貧窮を極めた生活の中で受けるさまざまな苦しみにもかかわらず、宇野の心の様態はどこかのびやかであり、ちょっととぼけたような心情をもって逆境に対していたというイメージがあります。
俗に言う「ええとこの子」の屈託のなさとでしょうか。
そのような心の余裕というか、心が傷んでも自らを癒して立ち直っていく作用は、宇野の先天的な能力ともいえる“語り”の実践の中で獲得されていったようです。

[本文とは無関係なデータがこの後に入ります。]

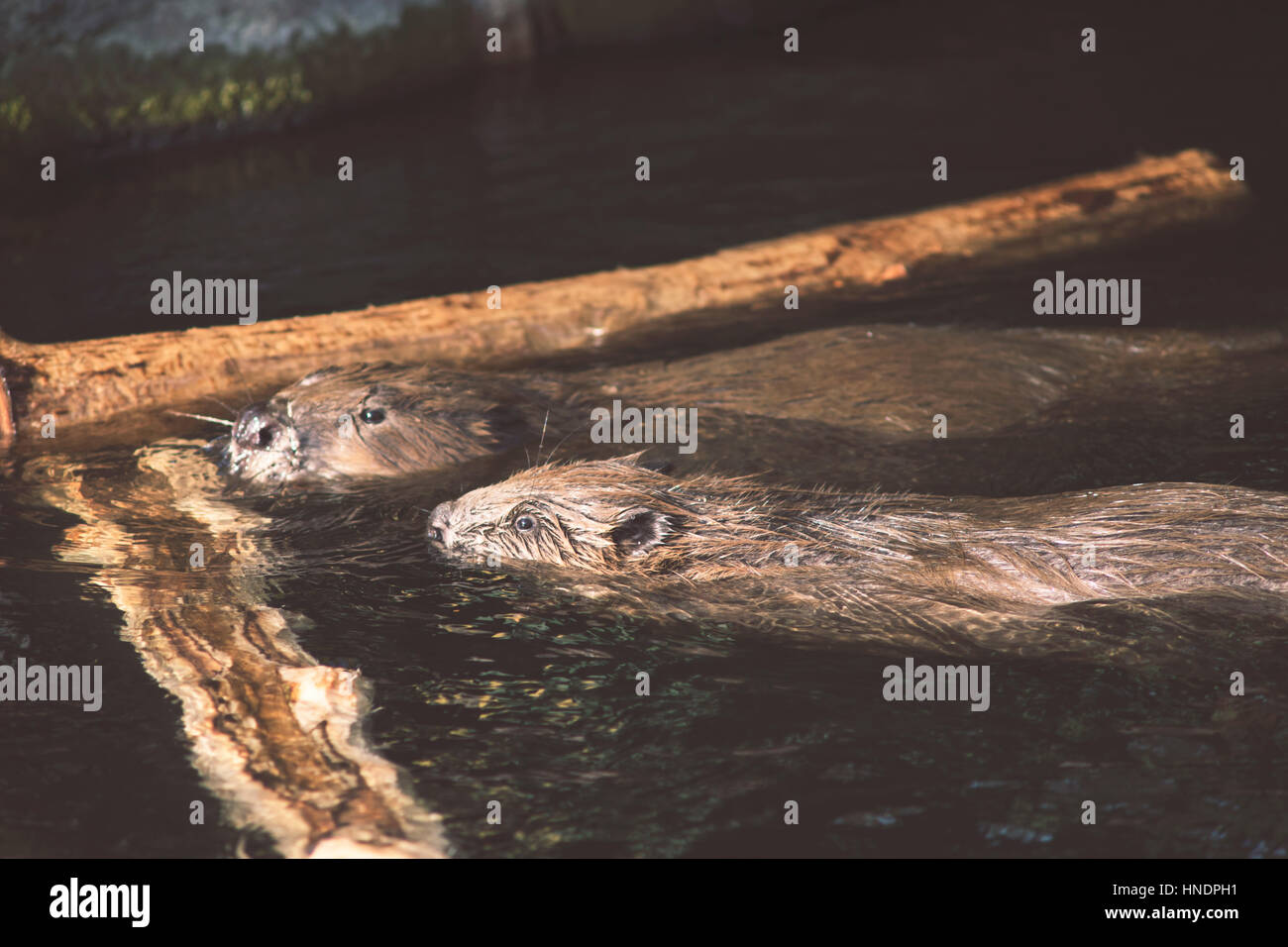 zwei wilde Biber in Wasser mit hölzernen Niederlassungen rund um Stockfoto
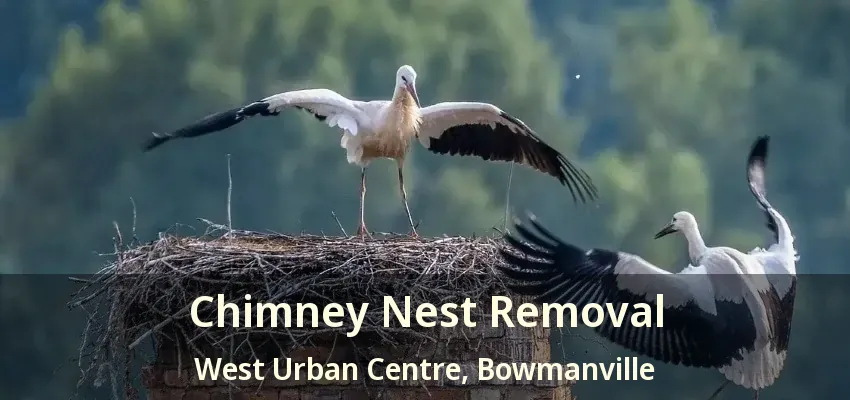 Chimney Nest Removal West Urban Centre, Bowmanville - ON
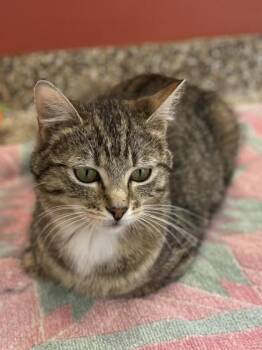 Tally -  Domestic Short Hair Cat for Adoption in Hackensack, Minnesota - Tally | PetCurious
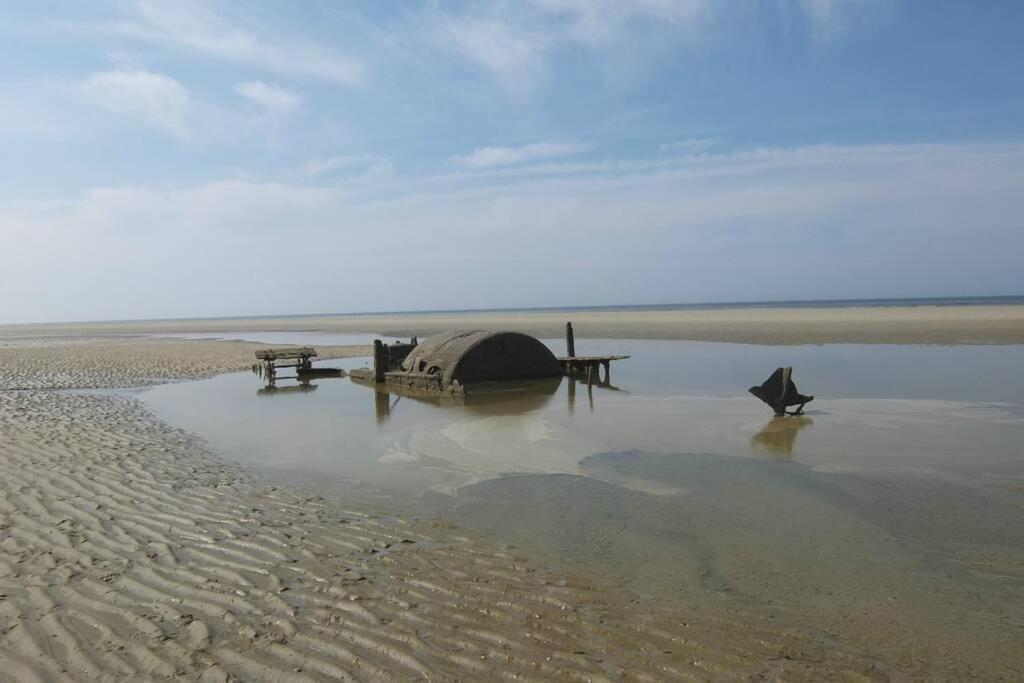 Gite « Les Oyats » A 400 M De La Plage エキアン・プラージュ エクステリア 写真
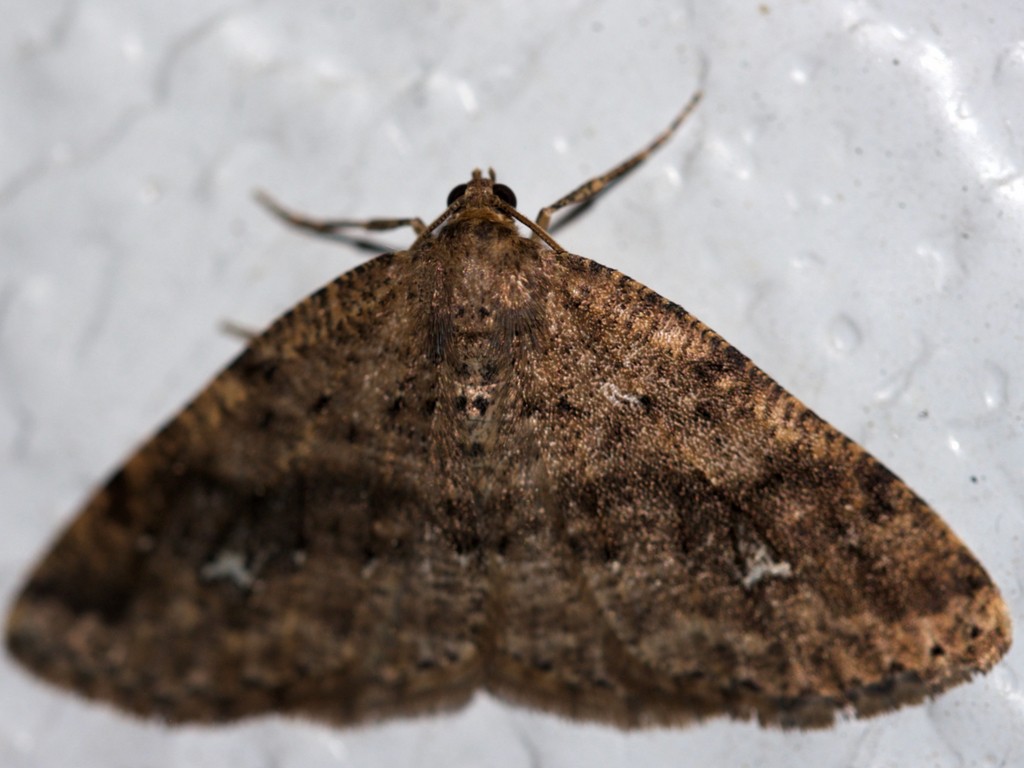 Homochlodes (Homochlodes)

その語りの能力が小説の創作において遺憾なく発揮されたわけですが、現実にも宇野はしゃべりだすと途切れることなくしゃべり続け、しかも聞く人間を飽きさせることがなかったと伝えられています。

宇野文学の最大の特徴はその“語り”の妙というところにあります。
その語りはあることないことすべてひっくるめてのべつまくなしの印象があり、虚と実の境を消し去って(あるいは現実の中に夢を潜ませるような)混沌とした流れを作り出していきます。
あらゆる事象がその語りの中に取り込まれていくように感じられるのですが、そこは冷静に仔細を観察してみると、「あらゆる事象」という表現は宇野の語りの特徴をかえって不分明にするようにも思えてきました。

そこで宇野の語りの特徴についてつらつらと考えていったところ、以下のようなことが指摘できるのではないかという気がしてきました。
1.「空間を語る」ことに一方ならぬ関心を注いでいる。
2.空間を時間の秩序の中に溶かし込んでいく。
3.描写的であるが分析的ではない。
4.現象を語ることに徹して、構造は語らない。
5.視野は流動的(ノマド的)であって定住的でない。
6.無目的な行動を反覆的に語る(『蔵の中』はその代表的な作例)。